• Fort Nelson First Nation v. Deputy Administrator, Pesticide Control Act

    Decision Date:
    File Numbers:
    Decision Numbers:
    99-PES-16(a) 99-PES-17(a) 99-PES-18(a)
    Third Party:
    Slocan Forest Products Ltd., Permit Holder


    Decision Date: August 27, 1999

    Panel: Toby Vigod

    Keywords: Pesticide Control Act – s. 15(8); stay application; pesticide use permits; silvicultural herbicide; glyphosate; “Vision”; First Nations; treaty rights; balance of convenience.

    This was an application by the Fort Nelson First Nation for a stay of a decision of a Deputy Administrator of the Pesticide Control Act. The First Nation was seeking a stay pending the Board’s decision on the merits of the Applicant’s appeal against the decision. The Deputy Administrator had issued three pesticide use permits to Slocan Forest Products Ltd. (“Slocan”) authorizing the use of herbicides for forest brushing and weeding at various sites located in northeastern British Columbia.

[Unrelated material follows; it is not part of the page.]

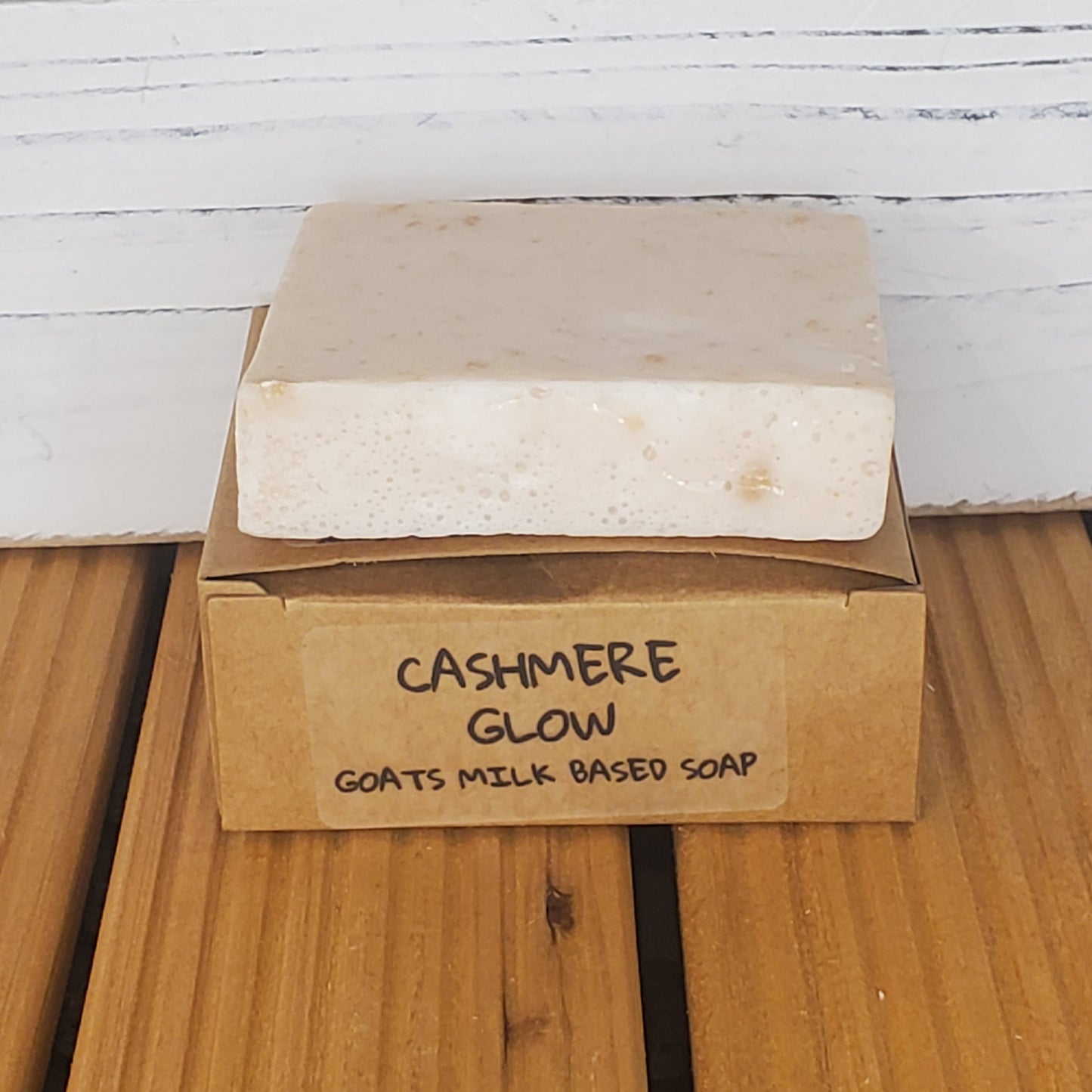 Cashmere Glow Goat’s Milk Soap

    Slocan planned to use glyphosate (“Vision”) on cutblocks to clear away brush vegetation competing with planted and naturally regenerated young coniferous trees. The three permits authorized treatment on approximately 1,395 hectares of forest land within the area subject to Treaty No. 8.

    The First Nation claimed that it has treaty rights under Treaty No. 8 and submitted that it had concerns over the potential harmful effects of Vision on wildlife habitat, food and water supplies, and the treaty rights of its members to hunt, fish and trap.

    The Board set out the test for stay applications, which requires that the applicant demonstrate (1) that there is a serious issue be tried, (2) that irreparable harm will result if the stay is not granted, and (3) that the balance of convenience favours granting the stay.

    The Board found that the first two of these tests were met in the cases of all three permits. With regard to the third test, the Board found that determining the balance of convenience required weighing the potential harm to the First Nation if spraying were to take place, against the potential harm to Slocan of damage to or loss of tree regeneration as a result of not spraying.

    The Board found that the balance of convenience did not favour the granting of a stay in the case of one of the permits, due to the remoteness of the cutblocks authorized for spraying by that permit and the lower likelihood of those areas being used by members of the First Nation for activities protected as treaty rights. Accordingly, the Board refused to grant a stay of that permit. It did however grant stays of the other two permits pending a final decision from the Board on the merits of the appeal, as the First Nation had presented evidence to show that these permits included areas used for traditional activities protected under the treaty. The application for a stay was granted, in part.